No es crimen, es islam

Nadie diga que ha sido un crimen machista más. Ha sido el cumplimien­to de un mandato de la fe. Islámica

- GABRIEL ALBIAC

EXISTE un Ministerio de Igualdad: al frente de él, una psicóloga. Existe, en él, una delegación contra la violencia de género: a cargo de una jurista. Existe un Ministerio de Justicia: que regenta una magistrada. Existe, en el vértice de todo, un presidente que de nada ha venido haciendo estos años más retórica que de la lucha contra la barbarie impuesta a las mujeres. Existe... Existe, como un escupitajo sobre el rostro de todos, el gélido silencio de estos días. Blindado. Y cruel como pocas veces.

Dos muchachas de Tarrasa –no me corrijan, escribiré ‘Terrassa’ cuando quiera escribir en catalán, como escribo ‘Paris’, sin acento, cuando escribo en francés: no es política, es gramática–. Dos muchachas de Tarrasa, pues. Porque es hijo de una ciudad aquel que en ella habita y en ella construye su vida. Como Anisa y Uruj la habían, con su empeño, construido. Eran muy jóvenes. Y aspiraban vivir como vive cualquiera de las mujeres de su edad en una Europa en la cual los ciudadanos responden en términos iguales ante la Justicia: sin distinción de sexo. Ambas eran adultas: ese punto en el cual una mujer –como un hombre–, en la europea España, puede –y debe– decidir su vida y sus deseos. Por encima de chantajes o desgarros familiares. Una evidencia.

Pero la de Anisa y Uruj, ciudadanas libres de Tarrasa, era una convencion­al familia musulmana. La geografía de origen –Pakistán, esta vez– es irrelevant­e: todo musulmán sabe que la ley coránica no admite distincion­es nacionales. Porque Ley –y esta vez con mayúscula– hay sólo la que el dictado de Alá en el Corán fundamenta y la ‘sharía’ codifica para todos los creyentes. Y a ninguna legislació­n mundana –ni democrátic­a ni de ningún tipo– puede plegarse esa norma. Sólo en ella la comunidad de los ‘sumisos’ –eso significa ‘musulmanes’– cobra una identidad que Profeta y Libro garantizan.

El Libro. He tomado el Corán de mi biblioteca. Todos los ciudadanos libres deberíamos estudiar ese código de servidumbr­e para saber lo que nos aguarda. Y ‘todas’, sobre todo.
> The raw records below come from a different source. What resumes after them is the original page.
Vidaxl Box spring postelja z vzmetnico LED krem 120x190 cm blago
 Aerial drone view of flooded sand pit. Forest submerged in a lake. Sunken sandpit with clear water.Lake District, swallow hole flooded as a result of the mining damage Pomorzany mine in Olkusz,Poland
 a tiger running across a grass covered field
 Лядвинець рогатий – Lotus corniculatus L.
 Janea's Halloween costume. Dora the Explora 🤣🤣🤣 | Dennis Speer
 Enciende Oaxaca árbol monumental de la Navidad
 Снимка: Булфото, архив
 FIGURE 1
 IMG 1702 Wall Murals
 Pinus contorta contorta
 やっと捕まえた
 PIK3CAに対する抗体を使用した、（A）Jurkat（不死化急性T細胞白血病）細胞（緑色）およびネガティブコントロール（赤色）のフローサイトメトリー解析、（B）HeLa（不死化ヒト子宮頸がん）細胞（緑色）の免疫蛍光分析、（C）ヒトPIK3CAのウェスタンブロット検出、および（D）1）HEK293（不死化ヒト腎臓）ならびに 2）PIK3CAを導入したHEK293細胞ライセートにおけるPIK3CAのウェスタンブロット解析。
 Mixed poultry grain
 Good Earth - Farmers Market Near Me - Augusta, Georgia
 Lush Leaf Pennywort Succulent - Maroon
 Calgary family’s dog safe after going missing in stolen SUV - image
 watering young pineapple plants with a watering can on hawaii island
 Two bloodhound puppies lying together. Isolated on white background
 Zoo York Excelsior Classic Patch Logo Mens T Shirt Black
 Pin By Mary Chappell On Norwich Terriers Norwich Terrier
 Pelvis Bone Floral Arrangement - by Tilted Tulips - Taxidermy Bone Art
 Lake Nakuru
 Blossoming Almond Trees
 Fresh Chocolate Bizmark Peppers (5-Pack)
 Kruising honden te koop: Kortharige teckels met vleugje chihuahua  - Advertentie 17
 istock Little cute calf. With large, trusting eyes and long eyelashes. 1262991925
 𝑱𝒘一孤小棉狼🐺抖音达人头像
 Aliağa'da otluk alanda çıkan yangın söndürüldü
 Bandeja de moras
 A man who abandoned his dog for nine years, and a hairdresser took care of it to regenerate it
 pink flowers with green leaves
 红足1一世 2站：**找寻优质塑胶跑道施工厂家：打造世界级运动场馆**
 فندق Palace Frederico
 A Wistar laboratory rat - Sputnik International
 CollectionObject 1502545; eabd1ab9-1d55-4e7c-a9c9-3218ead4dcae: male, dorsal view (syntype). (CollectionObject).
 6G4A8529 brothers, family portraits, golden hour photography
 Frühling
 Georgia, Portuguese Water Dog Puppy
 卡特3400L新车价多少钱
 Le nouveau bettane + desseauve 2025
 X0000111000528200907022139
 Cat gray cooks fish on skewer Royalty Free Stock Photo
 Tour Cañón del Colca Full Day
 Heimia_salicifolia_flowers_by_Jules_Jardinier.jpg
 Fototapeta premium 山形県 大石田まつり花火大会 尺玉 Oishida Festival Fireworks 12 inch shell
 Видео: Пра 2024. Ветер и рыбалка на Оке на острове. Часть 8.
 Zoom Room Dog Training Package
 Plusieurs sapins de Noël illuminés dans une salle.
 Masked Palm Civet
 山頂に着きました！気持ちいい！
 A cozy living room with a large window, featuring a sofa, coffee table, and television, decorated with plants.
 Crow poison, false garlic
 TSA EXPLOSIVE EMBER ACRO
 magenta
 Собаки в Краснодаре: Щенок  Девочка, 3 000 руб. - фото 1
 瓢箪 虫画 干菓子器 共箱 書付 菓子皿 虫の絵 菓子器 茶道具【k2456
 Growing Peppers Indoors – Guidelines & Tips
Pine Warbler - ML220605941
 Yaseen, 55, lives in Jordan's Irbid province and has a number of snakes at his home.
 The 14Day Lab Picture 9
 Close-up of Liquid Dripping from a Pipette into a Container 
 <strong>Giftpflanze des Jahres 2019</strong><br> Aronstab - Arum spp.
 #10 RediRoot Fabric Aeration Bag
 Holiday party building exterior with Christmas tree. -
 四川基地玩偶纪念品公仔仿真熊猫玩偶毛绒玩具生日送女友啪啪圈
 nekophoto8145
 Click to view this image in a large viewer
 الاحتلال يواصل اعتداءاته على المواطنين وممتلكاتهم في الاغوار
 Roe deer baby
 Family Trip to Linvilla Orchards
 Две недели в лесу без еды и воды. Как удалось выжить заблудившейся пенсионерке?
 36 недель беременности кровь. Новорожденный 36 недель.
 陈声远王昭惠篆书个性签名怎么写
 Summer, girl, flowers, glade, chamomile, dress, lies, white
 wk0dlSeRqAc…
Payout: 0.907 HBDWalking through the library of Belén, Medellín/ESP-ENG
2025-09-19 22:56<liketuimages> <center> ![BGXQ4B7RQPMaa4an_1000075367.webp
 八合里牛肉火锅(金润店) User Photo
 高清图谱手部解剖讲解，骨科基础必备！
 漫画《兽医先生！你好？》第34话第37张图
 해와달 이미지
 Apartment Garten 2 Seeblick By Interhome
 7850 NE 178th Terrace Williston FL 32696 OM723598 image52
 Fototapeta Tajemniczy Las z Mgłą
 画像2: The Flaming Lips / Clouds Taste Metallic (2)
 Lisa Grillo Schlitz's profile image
Sura IV, aleya 34: «Los hombres tienen autoridad sobre las mujeres, en virtud de la preferenci­a que Dios les ha concedido sobre ellas y a causa de los gastos que ocasionan para su mantenimie­nto. Las mujeres virtuosas son pías: preservan en secreto lo que Dios preserva. Amonestadl­as cuando sospechéis que son infieles; encerradla­s en cuartos aislados y golpeadlas».

Encerradas y golpeadas. Hasta la muerte. Como Anisa y Uruj. Por los varones familiares que, al limpiar con la muerte de las infieles su pureza propia, daban lustre a la pureza de su Dios y de su Libro. Ese Dios y ese Libro que excluye a todos los otros. No, nadie diga que ha sido un crimen machista más. Ha sido el cumplimien­to de un mandato de la fe. Islámica. Y no hay silencio institucio­nal que pueda ocultar eso.